Task details — Return exactly these lines and no others: the one containing "This Home Steals the Spotlight!" and all that follow it to the end of the listing below.
----- Supplied records
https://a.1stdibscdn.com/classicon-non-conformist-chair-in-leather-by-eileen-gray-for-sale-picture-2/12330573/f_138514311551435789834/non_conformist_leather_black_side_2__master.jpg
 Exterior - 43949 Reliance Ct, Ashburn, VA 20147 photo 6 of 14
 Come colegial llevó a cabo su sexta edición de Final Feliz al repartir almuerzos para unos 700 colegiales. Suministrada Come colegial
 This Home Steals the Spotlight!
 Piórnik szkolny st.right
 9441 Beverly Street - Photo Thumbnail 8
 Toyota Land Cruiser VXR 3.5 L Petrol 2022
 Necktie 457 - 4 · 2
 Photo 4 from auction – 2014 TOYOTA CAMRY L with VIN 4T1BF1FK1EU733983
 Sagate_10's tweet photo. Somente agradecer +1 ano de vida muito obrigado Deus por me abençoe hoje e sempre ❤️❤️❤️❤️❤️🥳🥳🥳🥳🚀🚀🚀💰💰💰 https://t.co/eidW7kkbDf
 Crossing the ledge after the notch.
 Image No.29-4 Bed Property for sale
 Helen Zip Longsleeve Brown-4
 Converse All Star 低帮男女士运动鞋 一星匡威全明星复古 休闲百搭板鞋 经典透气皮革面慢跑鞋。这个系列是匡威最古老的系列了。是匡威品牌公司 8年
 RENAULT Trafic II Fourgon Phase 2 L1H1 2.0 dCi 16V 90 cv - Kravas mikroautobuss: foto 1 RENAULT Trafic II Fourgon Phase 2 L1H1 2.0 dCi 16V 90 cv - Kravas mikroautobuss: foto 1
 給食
----------
Expected answer —
 This Home Steals the Spotlight!
 Piórnik szkolny st.right
 9441 Beverly Street - Photo Thumbnail 8
 Toyota Land Cruiser VXR 3.5 L Petrol 2022
 Necktie 457 - 4 · 2
 Photo 4 from auction – 2014 TOYOTA CAMRY L with VIN 4T1BF1FK1EU733983
 Sagate_10's tweet photo. Somente agradecer +1 ano de vida muito obrigado Deus por me abençoe hoje e sempre ❤️❤️❤️❤️❤️🥳🥳🥳🥳🚀🚀🚀💰💰💰 https://t.co/eidW7kkbDf
 Crossing the ledge after the notch.
 Image No.29-4 Bed Property for sale
 Helen Zip Longsleeve Brown-4
 Converse All Star 低帮男女士运动鞋 一星匡威全明星复古 休闲百搭板鞋 经典透气皮革面慢跑鞋。这个系列是匡威最古老的系列了。是匡威品牌公司 8年
 RENAULT Trafic II Fourgon Phase 2 L1H1 2.0 dCi 16V 90 cv - Kravas mikroautobuss: foto 1 RENAULT Trafic II Fourgon Phase 2 L1H1 2.0 dCi 16V 90 cv - Kravas mikroautobuss: foto 1
 給食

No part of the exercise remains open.